*** Block opens ***
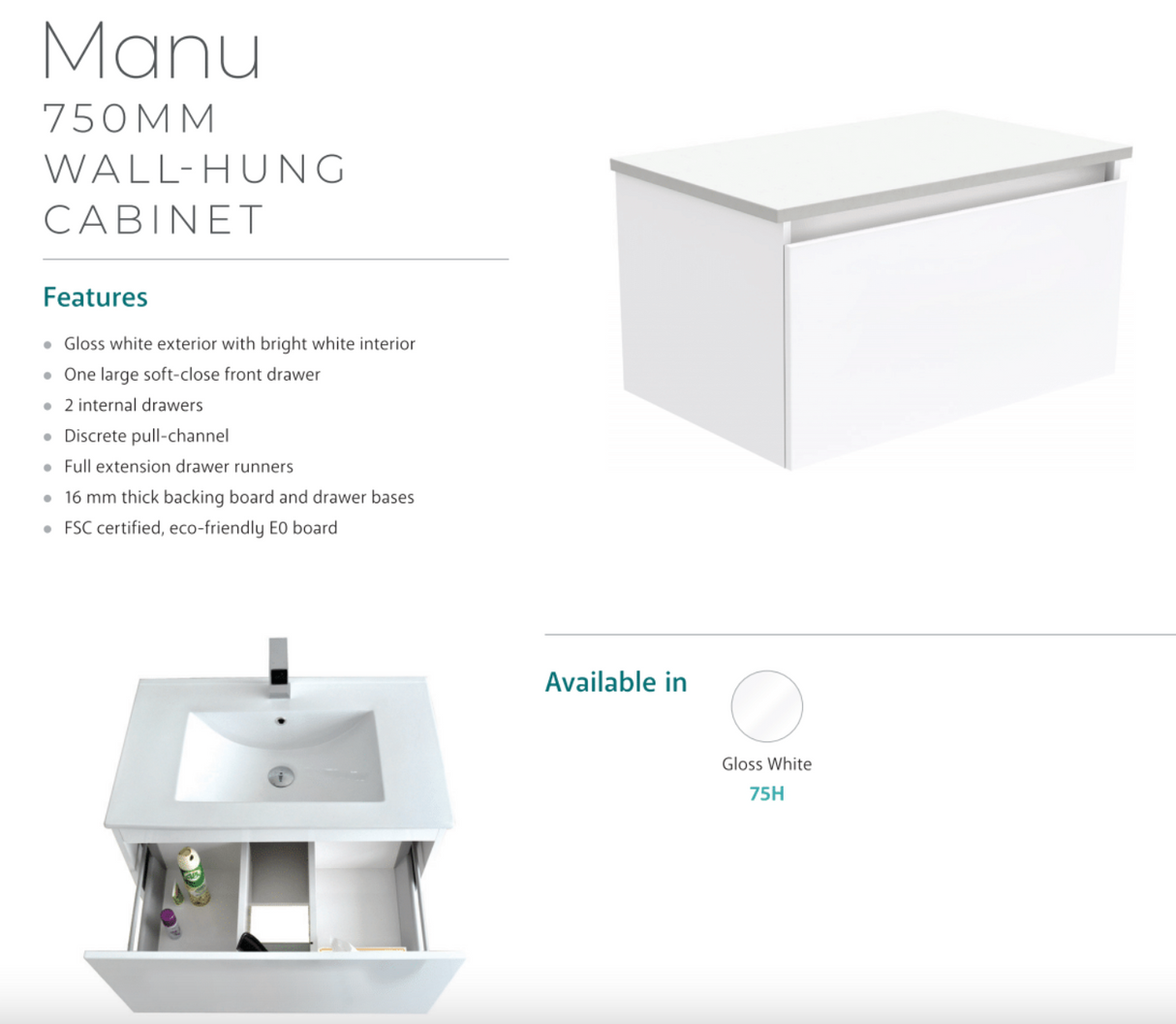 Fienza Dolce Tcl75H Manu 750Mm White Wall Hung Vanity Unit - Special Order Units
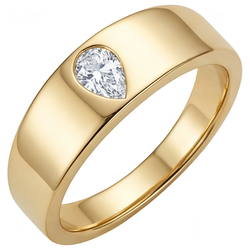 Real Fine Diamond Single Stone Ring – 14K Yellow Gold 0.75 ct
*** Block closes ***
*** Block opens ***
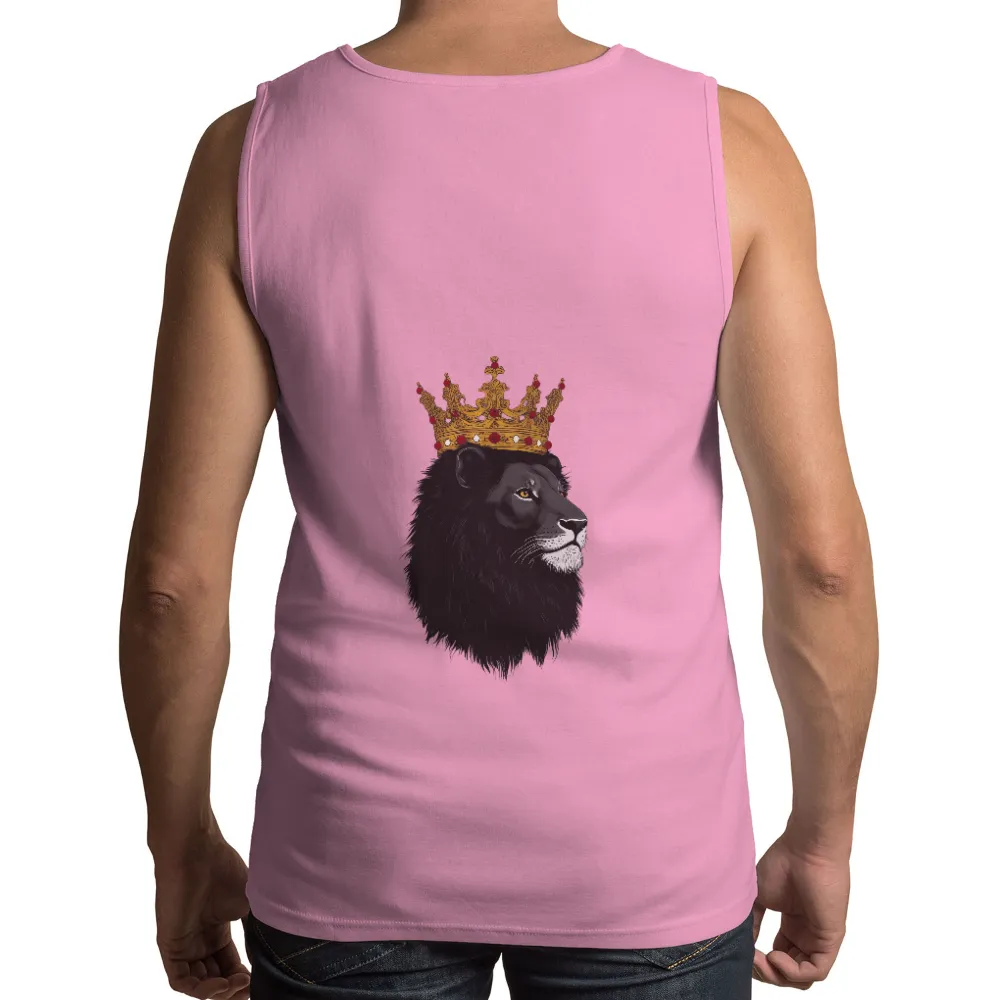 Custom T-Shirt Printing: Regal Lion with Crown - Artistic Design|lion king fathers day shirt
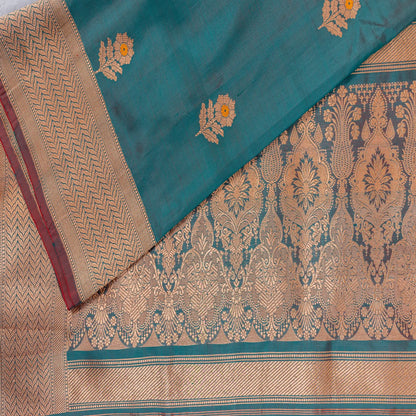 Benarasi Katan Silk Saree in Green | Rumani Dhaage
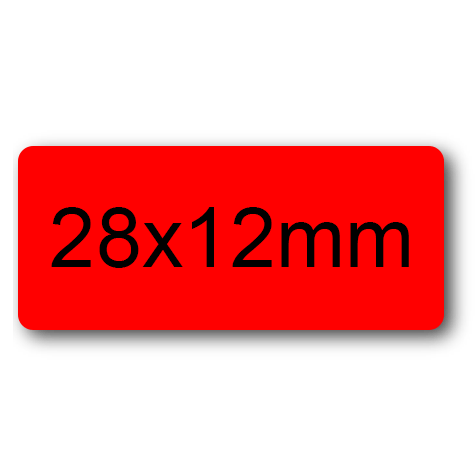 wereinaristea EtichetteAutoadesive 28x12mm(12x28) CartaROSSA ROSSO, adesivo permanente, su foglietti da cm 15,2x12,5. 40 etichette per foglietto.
*** Block closes ***
• [ABOUT THIS TASK]
Copy exactly the lines of the entries above from the one containing "Custom T-Shirt Printing: Regal" through the one containing "wereinaristea EtichetteAutoadesive 28x12mm(12x28)". Both end lines count; pictures do not.

• [YOUR SOLUTION]
 Custom T-Shirt Printing: Regal Lion with Crown - Artistic Design|lion king fathers day shirt
 Benarasi Katan Silk Saree in Green | Rumani Dhaage
 wereinaristea EtichetteAutoadesive 28x12mm(12x28) CartaROSSA ROSSO, adesivo permanente, su foglietti da cm 15,2x12,5. 40 etichette per foglietto.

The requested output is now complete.